▶ **Exercise objective**: Go through the entries below and return every line that contains "Berries".

▶ **Material supplied**:

────────────────────────────────────────

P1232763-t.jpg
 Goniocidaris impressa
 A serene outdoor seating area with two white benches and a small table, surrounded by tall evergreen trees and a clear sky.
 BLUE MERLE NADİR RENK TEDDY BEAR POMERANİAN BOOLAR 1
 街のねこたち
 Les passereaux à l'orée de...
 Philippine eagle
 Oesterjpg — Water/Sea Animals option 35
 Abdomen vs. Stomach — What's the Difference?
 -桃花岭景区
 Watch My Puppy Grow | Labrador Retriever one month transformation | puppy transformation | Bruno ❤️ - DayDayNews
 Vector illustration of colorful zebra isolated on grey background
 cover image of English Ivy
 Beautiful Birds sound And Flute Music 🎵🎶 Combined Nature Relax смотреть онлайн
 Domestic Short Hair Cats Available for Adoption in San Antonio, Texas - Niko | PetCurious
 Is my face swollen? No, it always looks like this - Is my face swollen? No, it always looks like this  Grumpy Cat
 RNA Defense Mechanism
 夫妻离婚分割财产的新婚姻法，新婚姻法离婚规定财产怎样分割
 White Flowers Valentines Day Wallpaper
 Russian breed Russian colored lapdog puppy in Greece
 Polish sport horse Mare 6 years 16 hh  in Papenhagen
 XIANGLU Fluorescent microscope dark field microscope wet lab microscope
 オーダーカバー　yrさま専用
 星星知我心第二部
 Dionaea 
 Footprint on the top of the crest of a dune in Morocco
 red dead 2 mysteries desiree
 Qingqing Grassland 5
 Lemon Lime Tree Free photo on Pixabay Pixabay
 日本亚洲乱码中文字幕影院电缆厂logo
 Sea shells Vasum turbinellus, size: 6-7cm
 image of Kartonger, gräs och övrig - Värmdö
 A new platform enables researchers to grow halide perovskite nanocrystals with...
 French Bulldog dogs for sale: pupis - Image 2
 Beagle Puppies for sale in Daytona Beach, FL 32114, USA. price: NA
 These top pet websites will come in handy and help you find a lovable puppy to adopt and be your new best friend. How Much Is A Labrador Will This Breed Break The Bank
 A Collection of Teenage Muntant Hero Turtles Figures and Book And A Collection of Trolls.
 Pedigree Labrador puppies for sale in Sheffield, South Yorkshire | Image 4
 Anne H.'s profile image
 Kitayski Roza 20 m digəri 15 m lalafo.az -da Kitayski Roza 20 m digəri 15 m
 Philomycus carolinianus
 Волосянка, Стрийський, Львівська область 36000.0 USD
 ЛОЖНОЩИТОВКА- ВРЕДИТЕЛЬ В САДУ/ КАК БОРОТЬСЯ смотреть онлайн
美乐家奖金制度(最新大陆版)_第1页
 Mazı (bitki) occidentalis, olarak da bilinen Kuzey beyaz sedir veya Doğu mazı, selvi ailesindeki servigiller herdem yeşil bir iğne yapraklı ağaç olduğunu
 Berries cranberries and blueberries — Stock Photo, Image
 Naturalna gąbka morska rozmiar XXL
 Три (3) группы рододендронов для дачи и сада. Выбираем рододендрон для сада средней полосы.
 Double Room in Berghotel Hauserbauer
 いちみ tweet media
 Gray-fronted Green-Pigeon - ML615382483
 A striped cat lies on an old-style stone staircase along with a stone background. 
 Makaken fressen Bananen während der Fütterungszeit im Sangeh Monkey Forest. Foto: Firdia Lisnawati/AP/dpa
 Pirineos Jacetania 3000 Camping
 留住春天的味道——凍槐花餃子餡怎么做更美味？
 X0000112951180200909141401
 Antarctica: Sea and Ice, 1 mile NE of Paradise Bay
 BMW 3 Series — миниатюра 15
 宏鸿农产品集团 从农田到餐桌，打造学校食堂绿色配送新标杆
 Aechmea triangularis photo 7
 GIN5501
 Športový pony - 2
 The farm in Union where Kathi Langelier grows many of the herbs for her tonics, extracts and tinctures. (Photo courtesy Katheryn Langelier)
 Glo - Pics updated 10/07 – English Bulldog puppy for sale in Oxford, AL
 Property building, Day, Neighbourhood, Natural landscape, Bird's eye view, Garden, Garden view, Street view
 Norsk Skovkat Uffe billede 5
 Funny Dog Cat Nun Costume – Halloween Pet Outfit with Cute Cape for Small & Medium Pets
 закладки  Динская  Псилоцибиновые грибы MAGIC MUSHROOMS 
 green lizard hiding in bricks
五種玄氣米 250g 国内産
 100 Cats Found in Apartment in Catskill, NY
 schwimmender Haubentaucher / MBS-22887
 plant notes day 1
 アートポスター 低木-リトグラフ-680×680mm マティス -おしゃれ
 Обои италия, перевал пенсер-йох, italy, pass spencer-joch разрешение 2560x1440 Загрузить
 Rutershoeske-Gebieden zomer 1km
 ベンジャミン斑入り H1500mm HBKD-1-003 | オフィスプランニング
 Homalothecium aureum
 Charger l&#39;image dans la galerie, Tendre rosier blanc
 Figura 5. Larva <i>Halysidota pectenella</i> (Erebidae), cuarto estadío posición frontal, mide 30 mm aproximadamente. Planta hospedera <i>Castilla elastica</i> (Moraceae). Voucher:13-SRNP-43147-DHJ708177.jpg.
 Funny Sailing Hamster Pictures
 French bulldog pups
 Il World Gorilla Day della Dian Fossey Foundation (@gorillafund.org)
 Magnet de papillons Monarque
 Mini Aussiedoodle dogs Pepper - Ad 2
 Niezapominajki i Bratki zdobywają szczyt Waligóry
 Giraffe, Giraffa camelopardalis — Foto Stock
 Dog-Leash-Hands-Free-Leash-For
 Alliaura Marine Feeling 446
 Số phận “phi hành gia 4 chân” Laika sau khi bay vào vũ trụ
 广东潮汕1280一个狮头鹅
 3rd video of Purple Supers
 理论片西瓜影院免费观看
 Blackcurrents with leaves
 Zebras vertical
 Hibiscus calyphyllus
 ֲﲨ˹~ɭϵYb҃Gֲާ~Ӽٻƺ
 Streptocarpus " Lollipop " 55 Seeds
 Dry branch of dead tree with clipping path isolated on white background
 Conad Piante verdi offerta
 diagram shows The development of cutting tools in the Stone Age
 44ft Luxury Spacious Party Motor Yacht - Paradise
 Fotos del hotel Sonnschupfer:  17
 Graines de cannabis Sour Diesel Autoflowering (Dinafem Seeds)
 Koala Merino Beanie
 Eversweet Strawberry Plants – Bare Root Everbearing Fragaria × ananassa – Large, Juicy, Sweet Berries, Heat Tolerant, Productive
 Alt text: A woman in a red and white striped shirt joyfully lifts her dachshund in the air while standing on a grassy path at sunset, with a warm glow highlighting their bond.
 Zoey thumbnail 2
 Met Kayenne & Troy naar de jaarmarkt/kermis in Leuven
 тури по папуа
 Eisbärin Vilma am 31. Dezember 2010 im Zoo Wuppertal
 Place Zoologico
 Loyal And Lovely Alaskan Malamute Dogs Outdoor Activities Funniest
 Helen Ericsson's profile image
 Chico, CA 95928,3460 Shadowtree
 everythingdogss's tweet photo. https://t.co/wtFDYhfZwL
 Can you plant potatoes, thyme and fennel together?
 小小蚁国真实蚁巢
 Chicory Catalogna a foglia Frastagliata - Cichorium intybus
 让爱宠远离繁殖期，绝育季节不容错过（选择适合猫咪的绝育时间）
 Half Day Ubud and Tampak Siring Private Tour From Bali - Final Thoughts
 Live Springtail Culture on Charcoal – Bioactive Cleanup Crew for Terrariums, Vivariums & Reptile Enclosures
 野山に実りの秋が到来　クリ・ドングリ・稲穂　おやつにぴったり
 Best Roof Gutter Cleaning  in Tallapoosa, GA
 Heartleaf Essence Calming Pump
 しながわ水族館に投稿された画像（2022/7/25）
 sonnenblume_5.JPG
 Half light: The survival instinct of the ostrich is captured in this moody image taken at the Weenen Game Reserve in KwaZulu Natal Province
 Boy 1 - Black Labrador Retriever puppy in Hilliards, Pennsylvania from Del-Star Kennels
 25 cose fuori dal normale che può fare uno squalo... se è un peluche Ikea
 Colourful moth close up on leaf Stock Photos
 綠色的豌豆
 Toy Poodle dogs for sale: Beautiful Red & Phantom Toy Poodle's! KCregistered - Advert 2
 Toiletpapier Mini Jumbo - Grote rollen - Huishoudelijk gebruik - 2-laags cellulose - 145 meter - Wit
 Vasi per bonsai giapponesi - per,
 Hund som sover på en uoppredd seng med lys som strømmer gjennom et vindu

────────────────────────────────────────

▶ **Written solution**:
 Berries cranberries and blueberries — Stock Photo, Image
 Eversweet Strawberry Plants – Bare Root Everbearing Fragaria × ananassa – Large, Juicy, Sweet Berries, Heat Tolerant, Productive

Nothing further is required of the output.